Pictures with short captions:
BEGIN
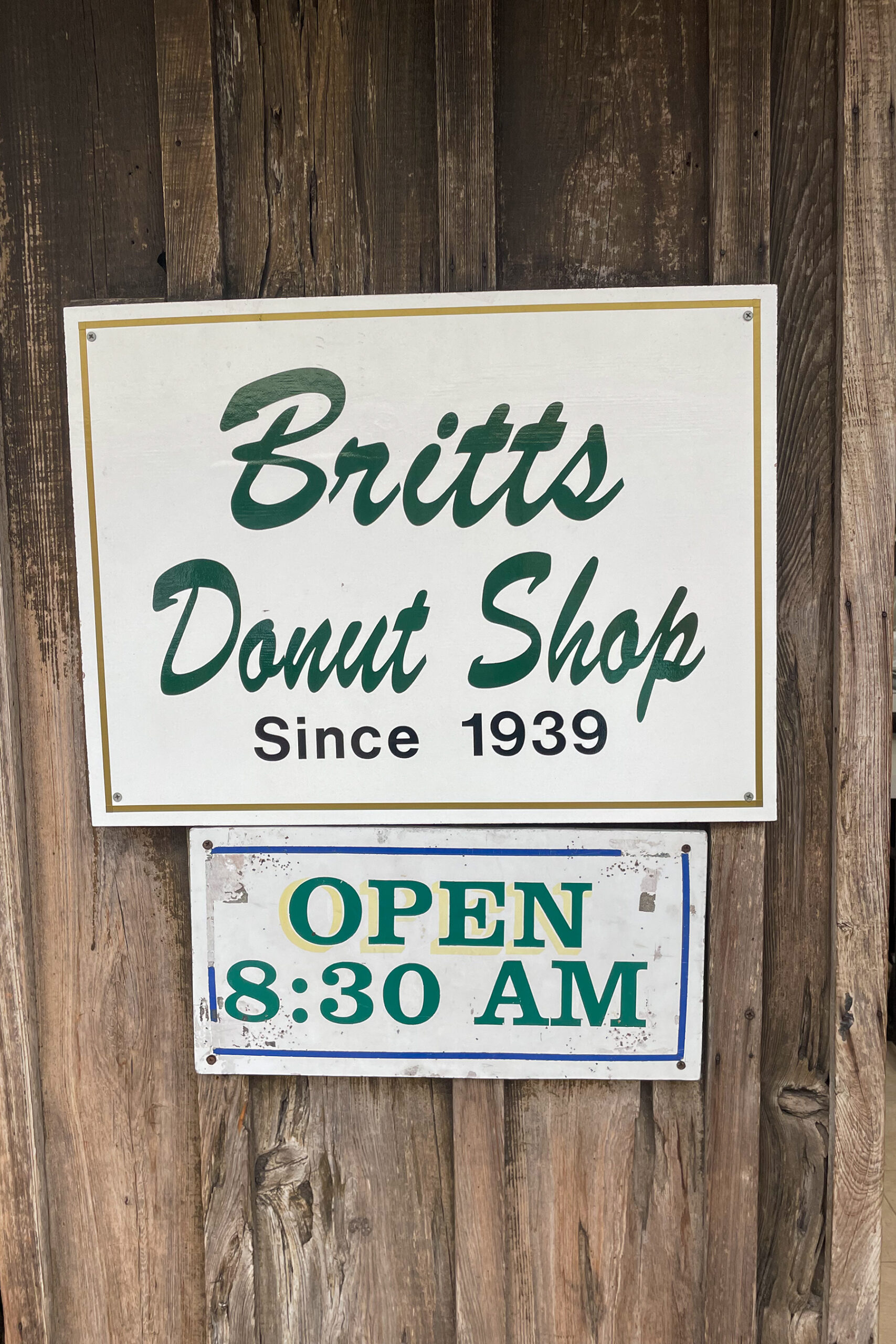 Britt's Donuts Where The Dogwood Blooms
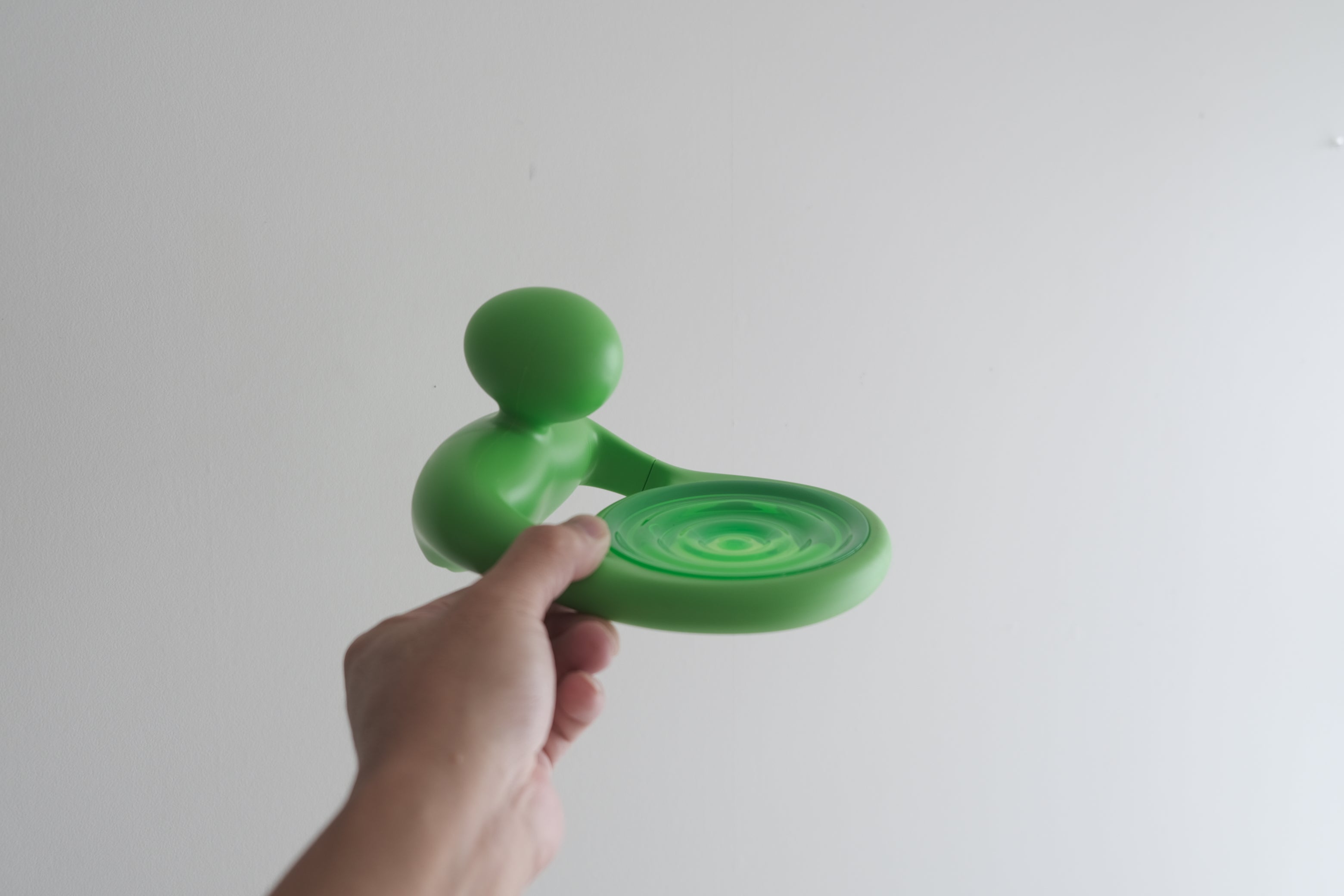 【未使用品】Alessi「Antonio S」ウォールソープホルダー/グリーン|GV15 AV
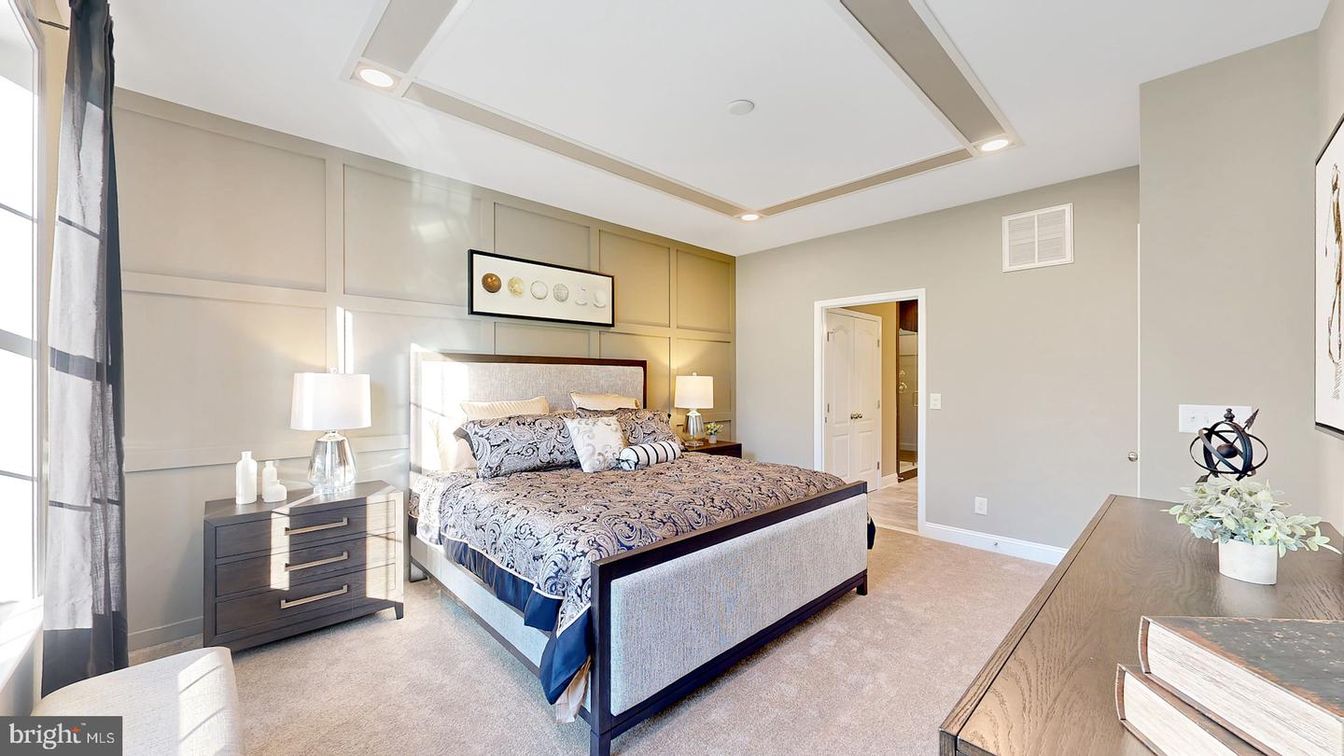 Bedroom, Interior, Recessed Lighting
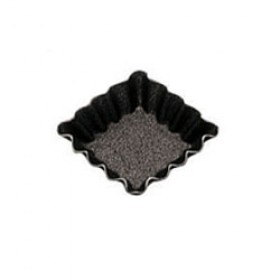 Moule à mini tartelette carrée 3,5cm x 3,5cm - Lot de 6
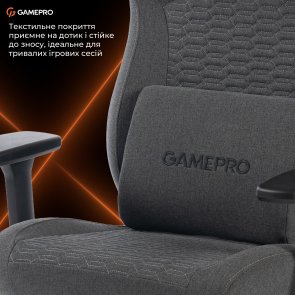 Крісло GamePro GC760DG Fabric Dark Gray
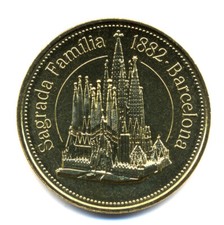 ESPAGNE Barcelone, Sagrada Familia 1882 2, 2025, Monnaie de Paris
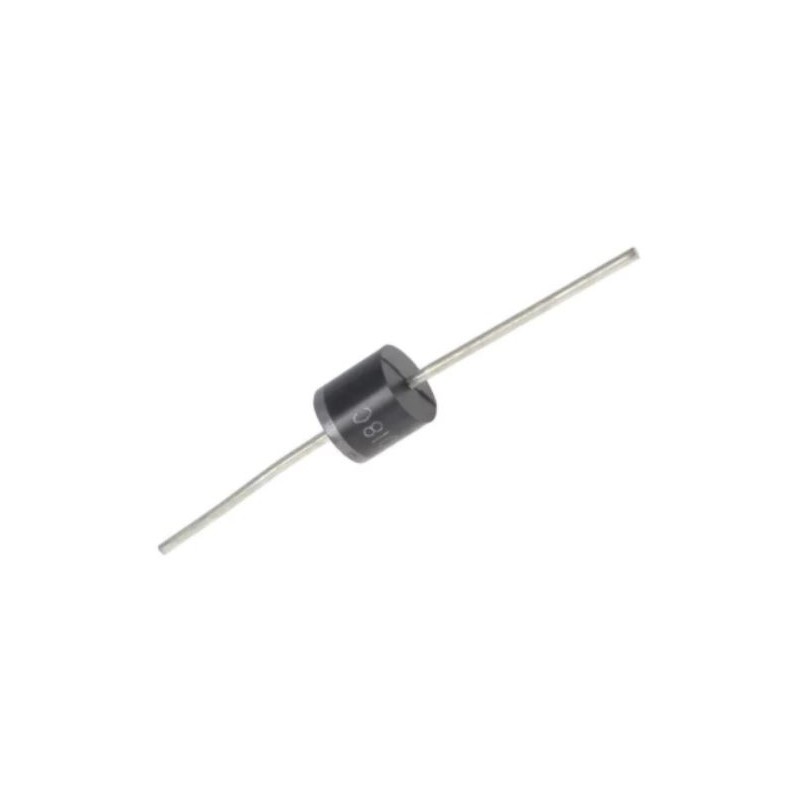10 pcs - Vishay 600V 6A, Rectifier Diode, 2-Pin P600 GI756-E3/54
END
**PROMPT**
For every line above, produce an exact transcription that omits the images.

**SOLUTION FOR THIS EXERCISE**
 Britt's Donuts Where The Dogwood Blooms
 【未使用品】Alessi「Antonio S」ウォールソープホルダー/グリーン|GV15 AV
 Bedroom, Interior, Recessed Lighting
 Moule à mini tartelette carrée 3,5cm x 3,5cm - Lot de 6
 Крісло GamePro GC760DG Fabric Dark Gray
 ESPAGNE Barcelone, Sagrada Familia 1882 2, 2025, Monnaie de Paris
10 pcs - Vishay 600V 6A, Rectifier Diode, 2-Pin P600 GI756-E3/54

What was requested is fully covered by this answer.